The minimum item-total correlation bound represents the lowest discrimination you are willing to accept. Because the typical r correlation (0.5) will be larger than the typical rpbis (0.3) correlation, you may wish to set the lower bound higher for a test with polytomous items (0.2 to 0.3). If your sample size is small, it could possibly be reduced.
The maximum item-total correlation bound is almost always 1.0 because it is typically desired that the r-pbis be as high as possible.
Differential item functioning (DIF) occurs when the performance of an item differs across groups of examinees. These groups are typically called the reference (usually majority) and focal (usually minority) groups. The goal of this analysis is to flag items that are potentially biased against one group.
There are a number of ways to evaluate DIF. The current version of Xcalibre utilizes the Mantel-Haenszel statistic, where each group is split into several ability levels with the probability of a correct response compared between the focal and reference groups for each level. See Appendix C for the equations. Results of this analysis are added into both the CSV and RTF output files.

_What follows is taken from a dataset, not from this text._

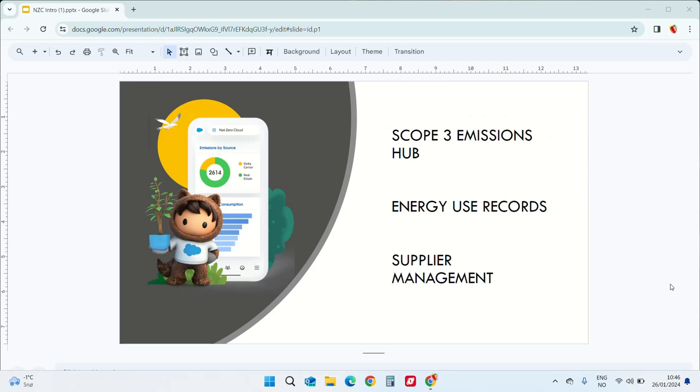Energy use records. No more tedious calculations using spreadsheets. Net Zero Cloud uses globally confirming emissions factors which instantly transforms your energy use data into carbon emissions.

The Mantel-Haenszel (M-H) coefficient is reported for each item as an odds ratio. The coefficient is a weighted average of the odds ratios for each θ level. If the odds ratio is less than 1.0, then the item is more likely to be correctly endorsed by the reference group than the focal group. Likewise, odds ratios greater than 1.0 indicate that the focal group was more likely to correctly endorse the item than the focal group. The RTF file contains the overall M-H coefficient for an item; the CSV output file also includes the odds ratios for each θ level. These ratios can be used to determine if the DIF present was constant for all abilities (uniform DIF) or varied conditional on θ (crossing DIF). The M-H coefficient is not sensitive to crossing DIF, so null results should be checked to confirm that there wasn’t crossing DIF present.
The negative of the natural logarithm of the M-H odds ratio was divided by its standard error to obtain the z-test statistic used to test the significance of the M-H against a null of zero DIF (odds ratio of 1.0). This test statistic is provided in the CSV output file.
The two tailed p value is associated with the z test for DIF. Items with p values less than .05 will be flagged as having significant DIF.
The group the item is biased against when the p value is less than .05. In the context of the M-H test for DIF, the group that the item is biased against has a lower probability of a correct response than the other group, controlling for ability level.
Each option has a p value and an r-pbis. The values for the keyed response serve as the statistics for the item as a whole, but it is the values for the incorrect options (the distractors) that provide the opportunity to diagnose issues with the item. A high p for a distractor means that many examinees are choosing that distractor; a high positive r-pbis means that many high-ability examinees are choosing that distractor. Such a situation identifies a distractor that is too attractive and could possibly be argued as correct.